The complaint is always "/usr/bin/ls: *: No such file or directory" and the same if /bin/ls is first "/bin/ls: *: No such file or directory" or "... .bashr?: No..." The problem is NOT an ls or less problem, although that was my first thought; I have since compiled old source from my archives. login as user; ls * doesn't work. ls .bashr? doesn't work. as user su to user, entering password. ls * works. ls .bashr? works. login as root; ls * doesn't work! su to root, no password; ls * works. login as root; su to to user; ls * doesn't work. the same wild card expansion problem exists for 14.7 and 2.0 Bash. the same wild card expansin problen exists for linux-2.2.13 Compiling without networking: same problem, but PAM warning at login.

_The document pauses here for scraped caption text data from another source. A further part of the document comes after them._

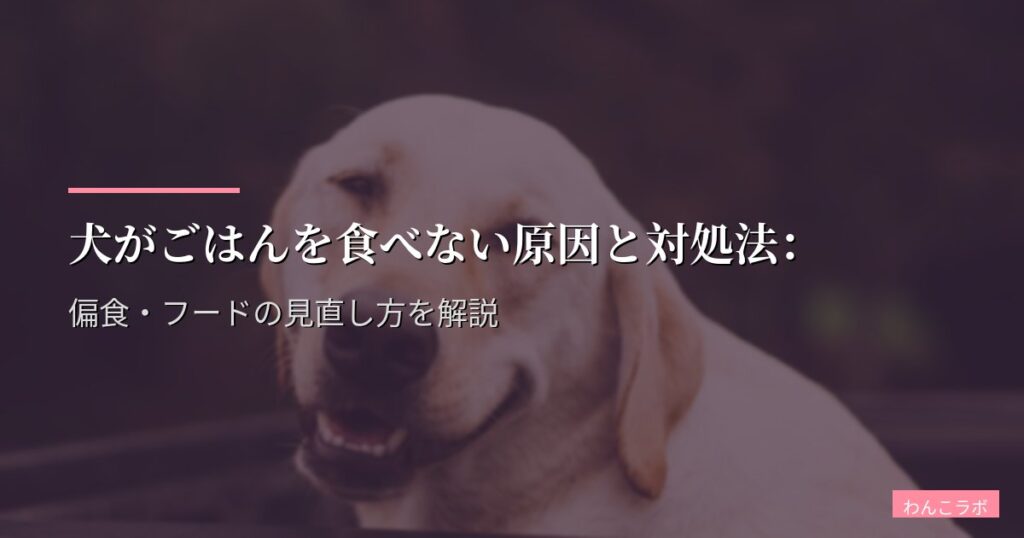 犬がごはんを食べない原因と対処法：偏食・フードの見直し方を解説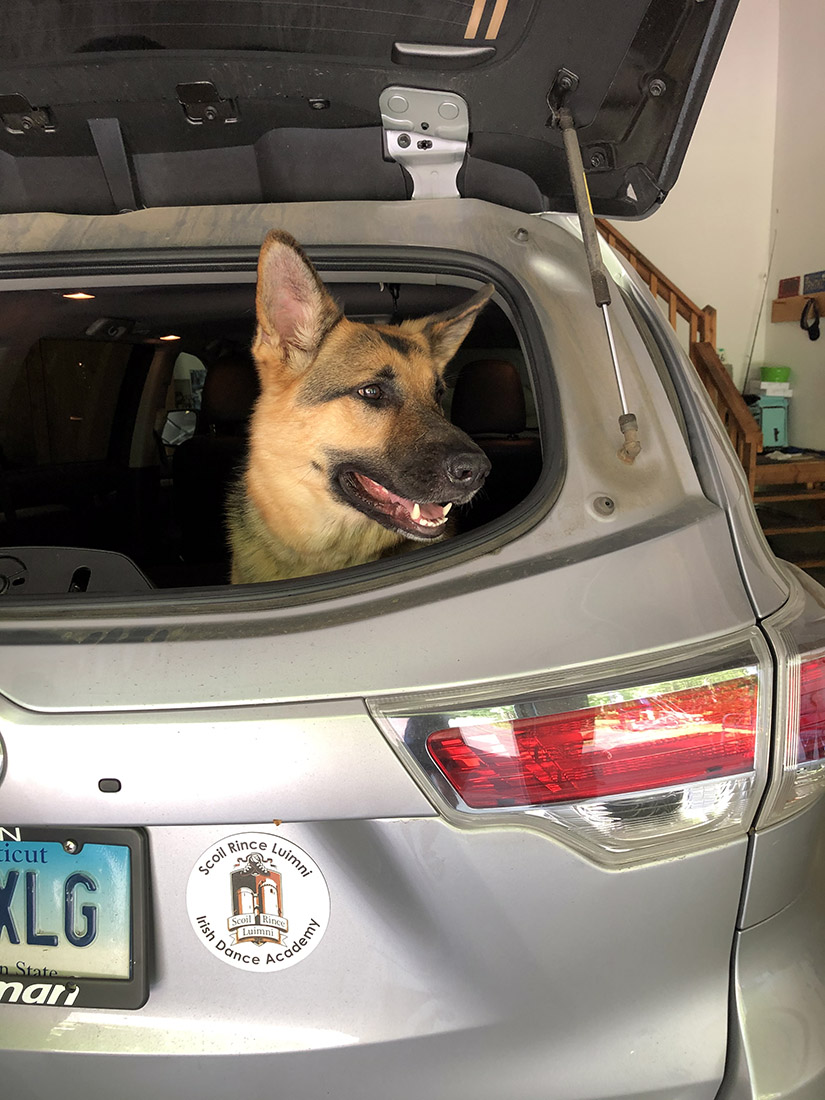 joni-car2.jpg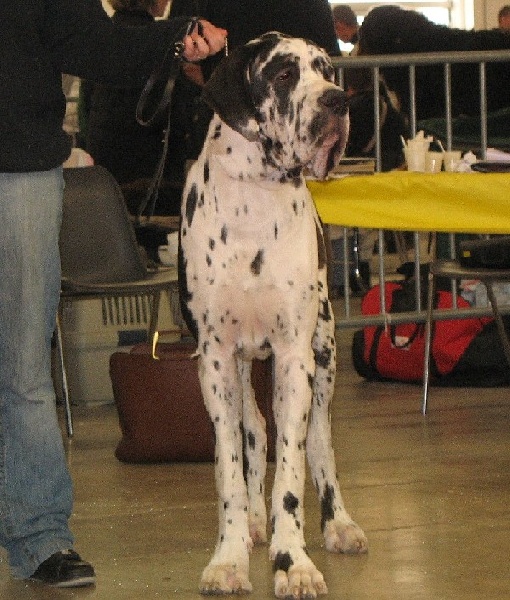 Carmino Burana des Varennes Mystiques - Très Pometteur Meilleur Puppy
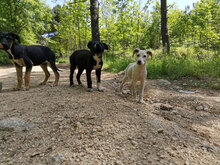 MINERVA, Hund, Mischlingshund in Italien - Bild 5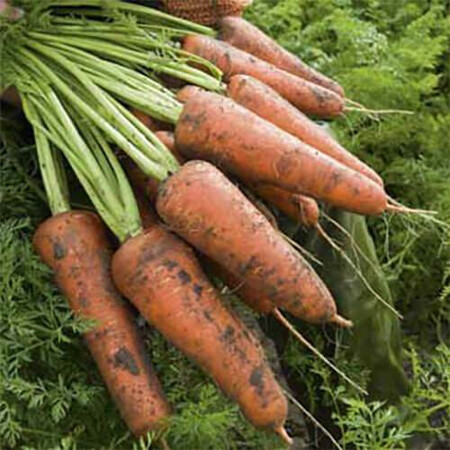 Семена моркови Кордоба F1 Bejo от 1 г, Фасовка: Проф упаковка 100 000 шт (1,6 - 1,8) | Agriks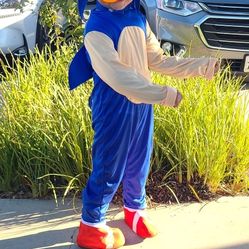 🎃👻COSTUME SONIC👻🎃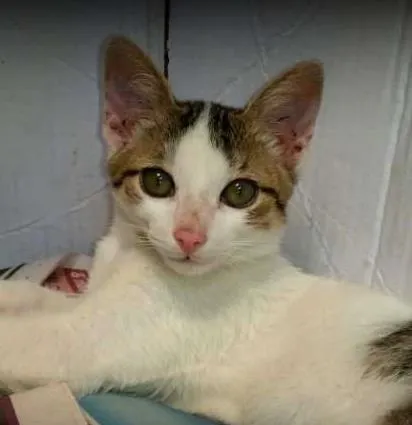 Gato ra a SRD idade 2 a 6 meses nome Lola
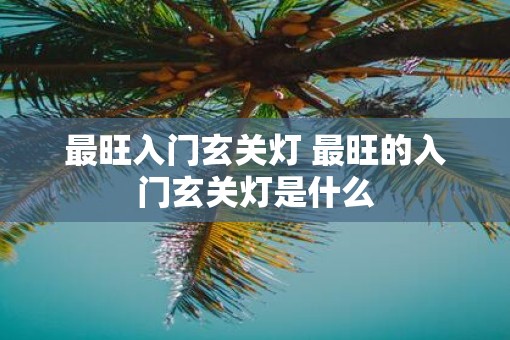 最旺入门玄关灯 最旺的入门玄关灯是什么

This box has an Intel Pentium MMX 233MHz processor w/i430 VX chip set There are 2 HDD, 1 Creative CD-ROM, 1 5-1/4" and 1 3-1/2" floppy drives, Adaptec 1460B SCCSI driving 1 Philips Omniwriter. 4 PCI and 4 ISA slots, 128MB DRAM, 512KB cache. AWE-64 value, Matrox Millennium II, 56K v.90 w/TI chipset, Antec Descartes PCMCIA types I - IV, Viewsonic 15GA monitor. login is to the vt-100 ascii screen of the monitor. The same problems exist on the X screens using AnotherLevel.
This is probably not a 'kernel' bug; I've recompiled the kernel from CD-ROM 2 source and as 2.2.13 from kerneli source. The problem persists. I do not know enough about the relationship between the kernel and the security and permissions of RedHat to make a judgement as to whether its kernel or PAM that's causing the problem.
This bug is one from a bash alias file. The expansion symbol $@ doesn't work correctly. as in: <alias ls='/bin/ls -aFC $@'> <alias ll='/bin/ls -aFCl $@'> <alias lsd='/bin/ls -FC $@'> <alias lld='/bin/ls -FCl $@'> It wont expand the wild card. It only enterprets a text follower on the command line. Using $* does the expansion for both the wild card and text following. However, what changed from 5.2 and 6.0 to cause this to happen???? That original worked perfectly well for the wild card and text in those releases.
I can't reproduce this in the current version. Aside from that, you don't ever need to use $@ in an alias; just alias ls='/bin/ls -aFC' has the exact same effect.